Columna publicada en La Tercera, 12.08.2015

Llueve sobre Valdivia, sobre Santiago, sobre Tocopilla. También sobre las zonas del sur, donde siempre llueve y los niños miran con incredulidad las noticias que informan de la “grave sequía que afecta al país”. El agua que cae del cielo tiene la virtud curiosa de recordarnos que existe una diferencia entre lo suntuario y lo fundamental. Estar secos, tener un hogar, tener algún tipo de calefacción, tener comida caliente, estar tranquilos y serenos, compartir la compañía cariñosa de otros. ¿No rondan nuestra cabeza esas cosas mientras miramos caer el agua?

La lluvia también aclara cosas sobre nuestro desarrollo: al recordarnos los bienes que son fundamentales, nos enrostra las fallas de nuestra vida en común. La soledad de algunos, el abandono de otros, los hogares rotos, la pobreza de muchas viviendas, las dificultades para desplazarse, el estrés, la depresión, la ansiedad, el frío y la humedad que sufren tantos chilenos quedan al descubierto bajo la presión implacable del agua. Eso sin mencionar el centralismo del país.

Por último, el aguacero también premia y da ocasión para ejercer ciertas virtudes fundamentales: el invierno siempre muestra su cara más alegre a quienes trabajan para anticiparlo y se ayudan mutuamente. En tiempos de apuro, además, se ve quiénes son los verdaderos amigos.
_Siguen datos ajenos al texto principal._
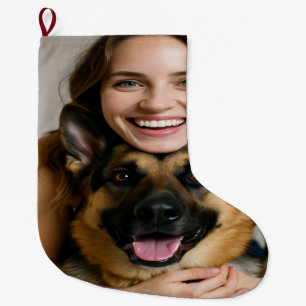 Deutscher Schäferhund-Foto personalisieren Großer Weihnachtsstrumpf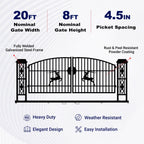 20x8 ft Dual Swing Driveway Gate with Ornamental Posts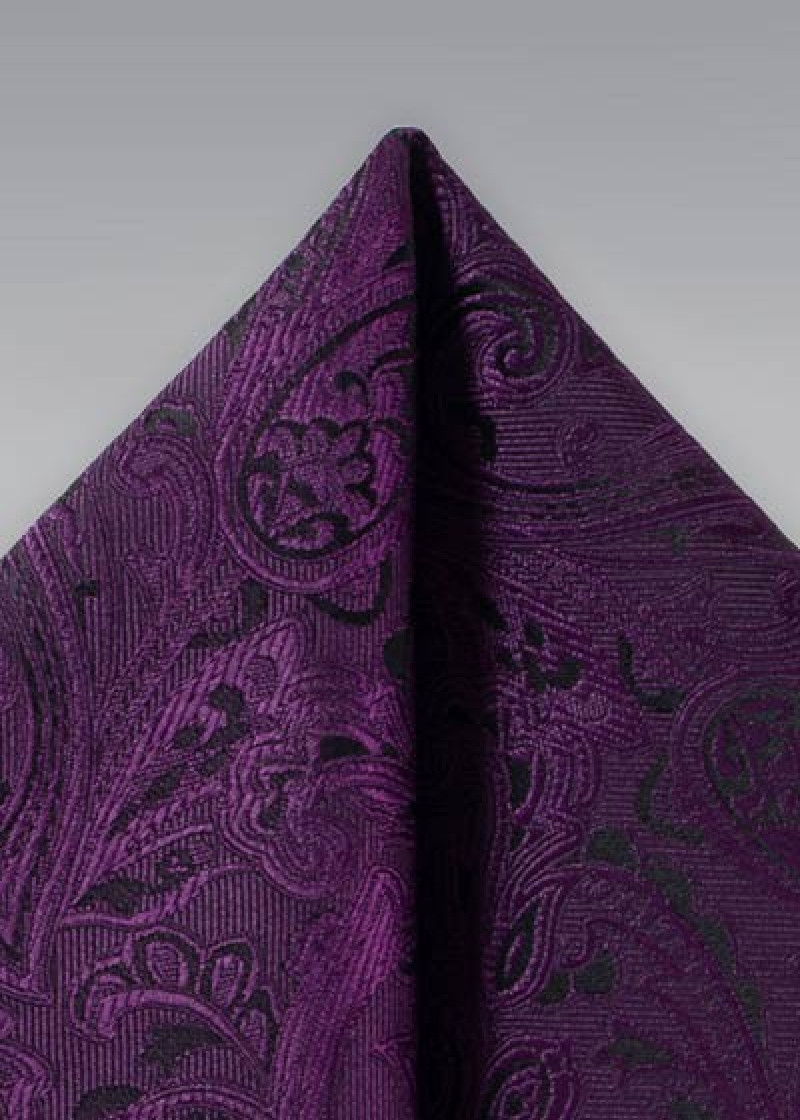 Zakdoek levendig paisley patroon paars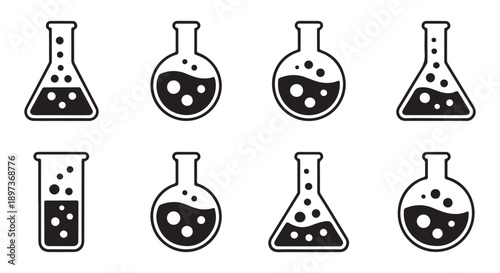 Collection of Scientific Beakers and Flasks with Bubbles, Various Shapes, Isolated on White Background.
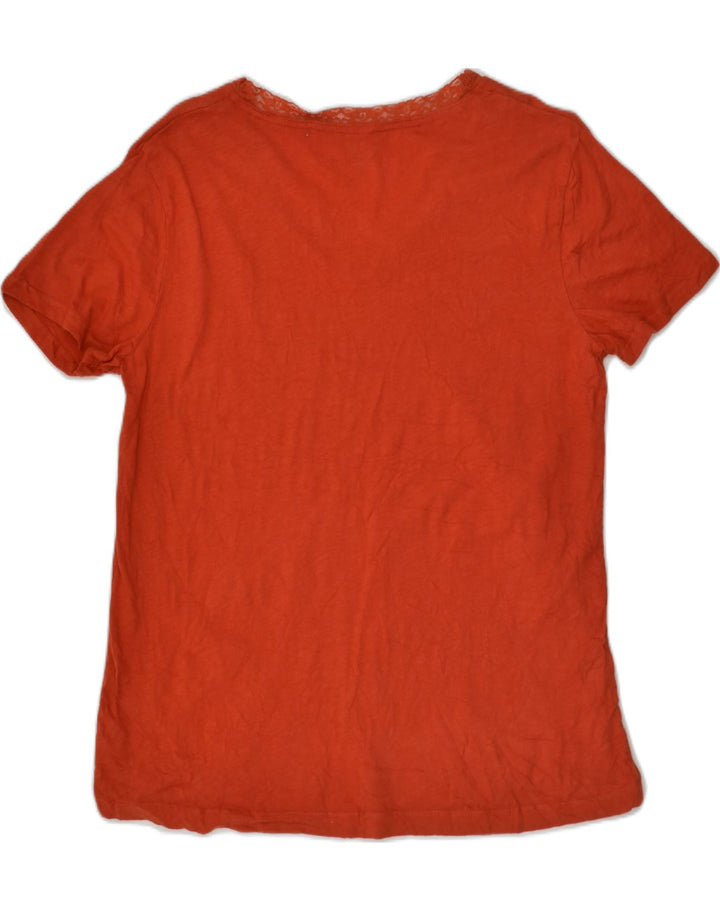EDDIE BAUER Womens T-Shirt Top UK 14 Large Red Cotton | Vintage Eddie Bauer | Thrift | Second-Hand Eddie Bauer | Used Clothing | Messina Hembry 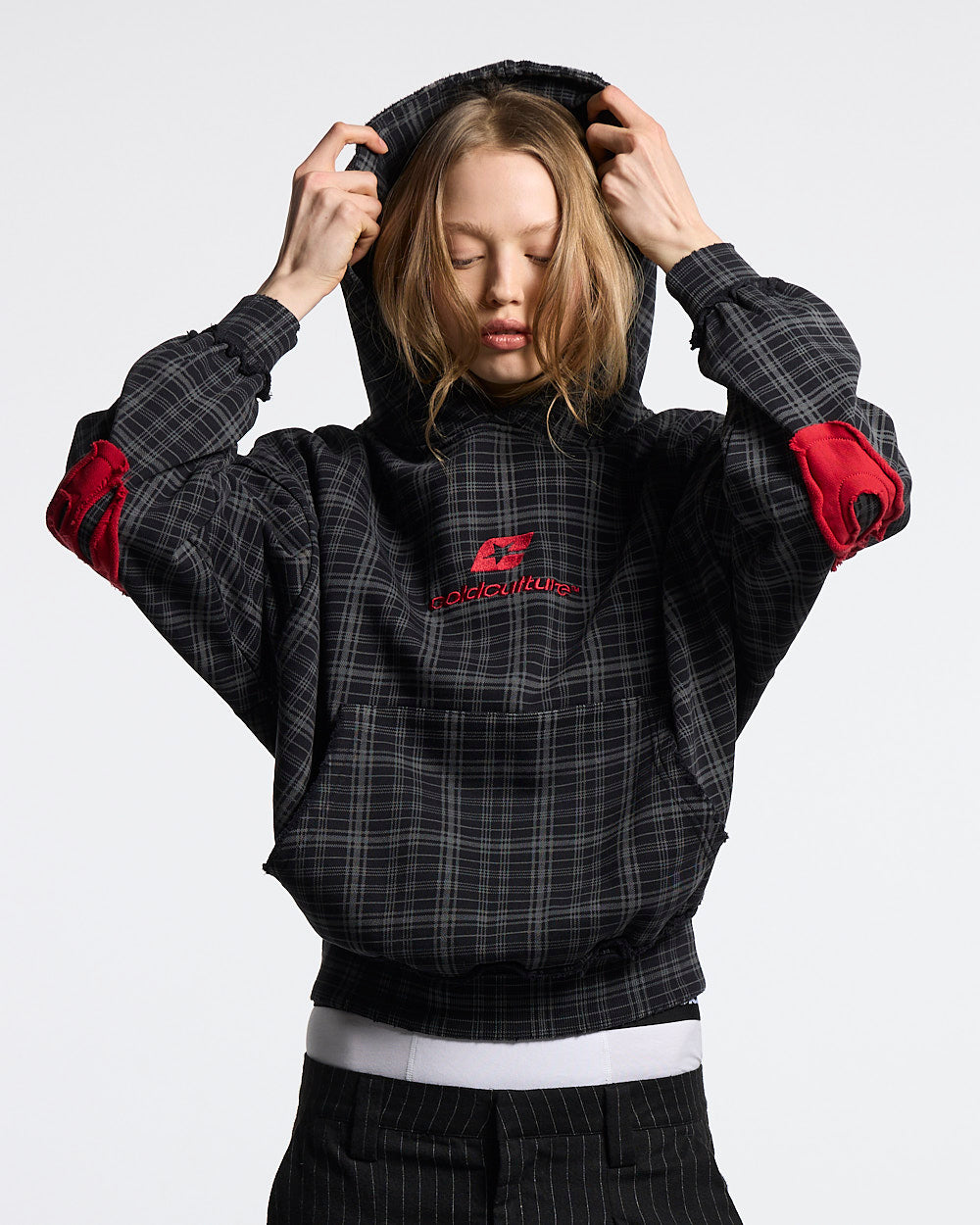 TARTAN HOODIE BLACK, GREY & RED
En fin, todo lo que no está hecho para durar, todo lo que esta fuera de lugar, se deshace con la lluvia. Y las preguntas que repiquetean en nuestros techos debemos tomárnoslas en serio: ¿Tenemos un país hecho para durar? ¿Estamos dejando a nuestros hijos y nietos un lugar en el mundo del que podamos sentirnos orgullosos? ¿Cuánto de Chile es simple cartón? ¿Cuánto esfuerzo concentramos en perseguir bienes suntuarios, dejando de lado bienes fundamentales? Abrirnos a estas preguntas equivale a preguntarnos por el sentido de nuestro desarrollo.

John Adams, uno de los artífices del tan alabado y mal comprendido “sueño americano”, pensaba el progreso de esta manera: “Debo estudiar política y guerra para que nuestros hijos tengan la libertad de estudiar matemática y filosofía. Nuestros hijos deben estudiar matemática y filosofía, geografía, historia natural y arquitectura naval, navegación, comercio y agricultura, para darle a sus hijos el derecho a estudiar pintura, poesía, música, arquitectura y escultura”. ¿Cómo pensamos nosotros el progreso? ¿Aspiramos todavía a la grandeza como país? ¿Nos entendemos como algo más que un puñado de individuos nacidos por azar en una esquina del mundo? ¿Existe todavía el pacto entre vivos, muertos y personas por nacer que los antiguos llamaban Patria o Nación? Hoy mucha gente enfrenta las noticias dolorosas sobre nuestro país repitiendo “Que se acabe Chile”. Mientras miro la lluvia pienso que esa frase, que suena desafiante, en realidad llega tarde al problema, como una orden de fusilar a alguien que ya está muerto. Hoy no necesitamos exigir desde la indignación que nuestro país se acabe, sino preguntarnos cómo recuperar la voluntad de vivir y buscar la felicidad juntos. Cómo hacer, en el fondo, que Chile exista.